"Star-flinging Spirit,
you stop, stoop, kneel, and embrace,
everyone and everything in need of your love and care.
May I join you today in caring for your creation,
embracing my role within the family of life."
~Sam Hamilton-Poore
I've just come back to my house after being on the Friday errand run. In the coming and going, I encountered a flock(is that what it is called?) of turkeys. Wild turkeys. Enormous birds, nearly prehistoric looking, pecking at the ground for all the bounty that falls in the autumn season. While over the last few years we have seen them with more regularity, it never ceases to stop me in my mental tracks when they show up by the side of the road.
In my errand running I happened to over hear a news report that there had been a bear sighted in a northern St. Paul suburb. Parents noticed it while they were watching as their children waited for the school bus. Who knows how it wandered into the 'civilized' neighborhoods where humans live? I didn't hear the end of the story so I hope bear and humans are fine. I also hope the bear was able to be returned to an area more conducive to its living.
It caused me to wonder what it was like, what it is like, in those places where humans and wild animals live in closer proximity. I would assume there is a respect that must be developed by humans to understand the wildness of these creatures. I wonder if the animals develop a similar respect for the often quirky ways humans order their lives. It would be wonderful if this mutual respect could be developed and then passed on to other communities, wouldn't it? It might even be something that would be of benefit in those sometimes terse and seemingly impossible human to human relationships that exist.

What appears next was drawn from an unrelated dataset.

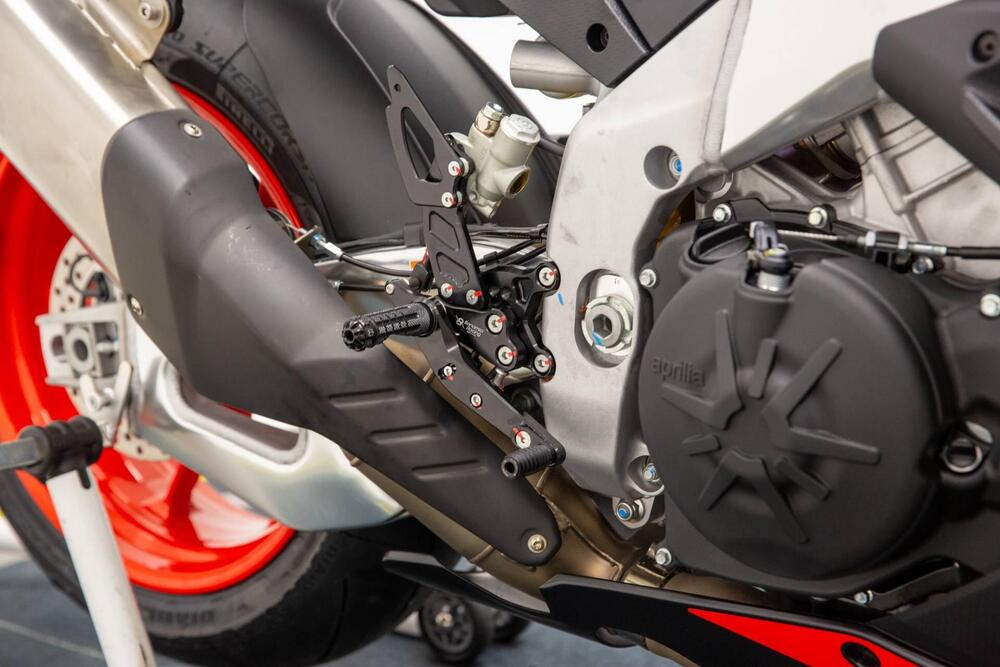 Aprilia RSV4 1100 (2021 - 24) (15)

In a week or so we will celebrate the feast day of St. Francis of Assisi known for his love and care for all creation, especially the animals. It is always a glorious day when the two-leggeds rise to their best selves as they bring their four-leggeds, their winged and scaled friends to church. As dogs, cats, mice, ferrets, birds, and even insects are brought forward for a blessing, I am always warmed by the love that surrounds both animal and human. There is such a feeling of hope in the room. It is a time when we recognize the Star-Flinging Spirit right in our midst. Some of us have words to express this. Others simply wag, purr or screech.
The next time I see the wild turkeys walking the path with me, I want to remember to send a blessing their way. It is a privilege to glimpse their beauty and courage in what can be a fairly routine human existence. What a gift to be sharing the earth with them!